As imagens, que mostram refrigeradores com bebidas, garrafas de óleo, feijões em sacos e prateleiras abastecidas, contrastam com a escassez habitual que os consumidores denunciam na ilha. No entanto, a reação nos comentários do vídeo reflete uma realidade diferente: o acesso econômico a esses produtos.
“Meu irmão, sem querer te criticar, me diga com que dinheiro conta um cubano comum que vive de um salário”, escreveu um usuário. Outro acrescentou: “Sim, há, mas o que não têm é liberdade nem dinheiro para comprar essas coisas.”
A crítica mais repetida foi a desconexão entre a existência de produtos e a impossibilidade de adquiri-los. “O salário de um aposentado é de 1.500 pesos. E então como é a história? Vergonha é o que falta, que dinheiro nem dinheiro, aí ninguém consegue comprar, parceiro”, apontou outro comentário.
A publicação reavivou o debate sobre o alto custo de vida em Cuba, onde a inflação e a desvalorização do peso cubano elevaram os preços nos mercados agropecuários, muito acima dos salários estatais, que continuam sendo a principal fonte de renda para a maioria da população.
Perguntas frequentes sobre a situação econômica e alimentar em Cuba
Por que há produtos nos mercados de Cuba se os cubanos dizem que não há nada?
Em Cuba, os mercados podem estar abastecidos, mas os produtos são inacessíveis para a maioria da população devido aos altos preços e aos baixos salários. A inflação e a desvalorização do peso cubano elevaram os preços, fazendo com que, embora haja produtos nas prateleiras, poucos consigam comprá-los. O salário estatal, que é a principal fonte de renda para muitos cubanos, não é suficiente para cobrir as necessidades básicas.
Como a economia cubana afeta o acesso a alimentos?

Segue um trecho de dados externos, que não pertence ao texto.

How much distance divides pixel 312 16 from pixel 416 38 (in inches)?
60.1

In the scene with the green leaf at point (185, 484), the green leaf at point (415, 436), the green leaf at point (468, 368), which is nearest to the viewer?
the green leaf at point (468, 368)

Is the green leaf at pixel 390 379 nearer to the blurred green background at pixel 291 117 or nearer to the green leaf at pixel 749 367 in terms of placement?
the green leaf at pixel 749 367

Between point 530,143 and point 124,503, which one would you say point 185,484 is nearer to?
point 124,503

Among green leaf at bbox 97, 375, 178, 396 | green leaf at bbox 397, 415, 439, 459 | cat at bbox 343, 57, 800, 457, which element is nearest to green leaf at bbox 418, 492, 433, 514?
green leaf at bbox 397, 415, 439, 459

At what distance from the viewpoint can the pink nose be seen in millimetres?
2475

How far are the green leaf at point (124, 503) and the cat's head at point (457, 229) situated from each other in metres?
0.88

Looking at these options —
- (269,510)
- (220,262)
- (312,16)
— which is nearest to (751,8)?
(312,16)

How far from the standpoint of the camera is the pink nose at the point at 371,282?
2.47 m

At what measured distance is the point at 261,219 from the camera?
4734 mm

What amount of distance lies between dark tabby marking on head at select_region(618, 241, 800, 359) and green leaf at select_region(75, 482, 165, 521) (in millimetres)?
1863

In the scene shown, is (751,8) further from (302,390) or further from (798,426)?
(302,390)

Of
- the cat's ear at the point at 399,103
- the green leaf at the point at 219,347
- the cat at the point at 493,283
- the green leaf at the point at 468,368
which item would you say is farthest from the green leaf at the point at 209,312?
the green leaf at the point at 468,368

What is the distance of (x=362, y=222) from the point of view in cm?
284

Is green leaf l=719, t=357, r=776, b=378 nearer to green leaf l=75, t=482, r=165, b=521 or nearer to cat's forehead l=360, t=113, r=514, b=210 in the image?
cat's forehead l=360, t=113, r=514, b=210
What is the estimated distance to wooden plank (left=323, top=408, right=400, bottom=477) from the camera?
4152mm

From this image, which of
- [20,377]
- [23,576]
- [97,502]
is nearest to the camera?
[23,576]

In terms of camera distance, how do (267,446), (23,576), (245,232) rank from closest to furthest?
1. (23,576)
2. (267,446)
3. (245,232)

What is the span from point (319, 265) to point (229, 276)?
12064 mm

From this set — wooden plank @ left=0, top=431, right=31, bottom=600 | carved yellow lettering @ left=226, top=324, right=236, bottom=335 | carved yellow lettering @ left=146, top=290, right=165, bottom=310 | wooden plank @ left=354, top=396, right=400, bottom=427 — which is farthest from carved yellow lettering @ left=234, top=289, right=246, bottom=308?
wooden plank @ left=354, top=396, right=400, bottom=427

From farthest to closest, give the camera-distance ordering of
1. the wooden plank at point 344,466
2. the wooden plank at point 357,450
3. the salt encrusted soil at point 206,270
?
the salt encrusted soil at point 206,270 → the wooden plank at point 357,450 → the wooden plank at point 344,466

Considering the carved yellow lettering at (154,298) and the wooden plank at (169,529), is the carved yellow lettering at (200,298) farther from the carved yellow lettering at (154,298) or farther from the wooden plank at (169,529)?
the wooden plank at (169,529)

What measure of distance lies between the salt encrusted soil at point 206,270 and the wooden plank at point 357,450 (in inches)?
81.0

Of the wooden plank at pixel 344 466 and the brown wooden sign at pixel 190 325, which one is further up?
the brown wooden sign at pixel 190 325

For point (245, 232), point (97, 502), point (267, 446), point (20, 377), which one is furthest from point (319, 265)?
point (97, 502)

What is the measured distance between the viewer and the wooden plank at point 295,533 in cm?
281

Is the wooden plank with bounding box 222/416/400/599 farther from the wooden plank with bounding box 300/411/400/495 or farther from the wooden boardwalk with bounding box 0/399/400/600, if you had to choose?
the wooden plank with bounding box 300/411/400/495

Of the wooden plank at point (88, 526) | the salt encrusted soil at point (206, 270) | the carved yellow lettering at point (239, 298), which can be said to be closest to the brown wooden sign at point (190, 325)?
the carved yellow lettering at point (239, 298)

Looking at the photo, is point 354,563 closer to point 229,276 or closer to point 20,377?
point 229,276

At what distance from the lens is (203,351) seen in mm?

A economia cubana afeta negativamente o acesso a alimentos devido à inflação, à depreciação do peso e aos baixos salários. Os preços dos produtos básicos são tão altos que um salário médio não é suficiente para cobrir uma dieta mínima. Além disso, o sistema de racionamento colapsou, e muitos produtos essenciais não estão disponíveis ou são muito limitados.
Qual é o impacto da dolarização de certos comércios em Cuba?
A dolarização de certos comércios em Cuba aprofunda a desigualdade econômica, pois apenas as pessoas que recebem remessas ou têm acesso a divisas podem comprar nesses locais. Esses comércios aceitam apenas pagamentos em dólares ou cartões carregados do exterior, excluindo a maioria dos cubanos que recebem em pesos. Isso cria um mercado paralelo e uma percepção de injustiça, já que enquanto alguns conseguem acessar produtos importados, outros lutam para conseguir o básico.
Qual é o salário mínimo em Cuba e como ele se compara ao custo de vida?
O salário mínimo em Cuba é de aproximadamente 2.100 pesos cubanos, o que equivale a cerca de 17 dólares na taxa de câmbio informal. Esse rendimento é insuficiente para cobrir sequer uma dieta básica, uma vez que se calcula que um cubano precisa de pelo menos 30.000 pesos por mês para se alimentar. A disparidade entre rendimentos e custos de vida reflete a grave crise econômica que o país enfrenta.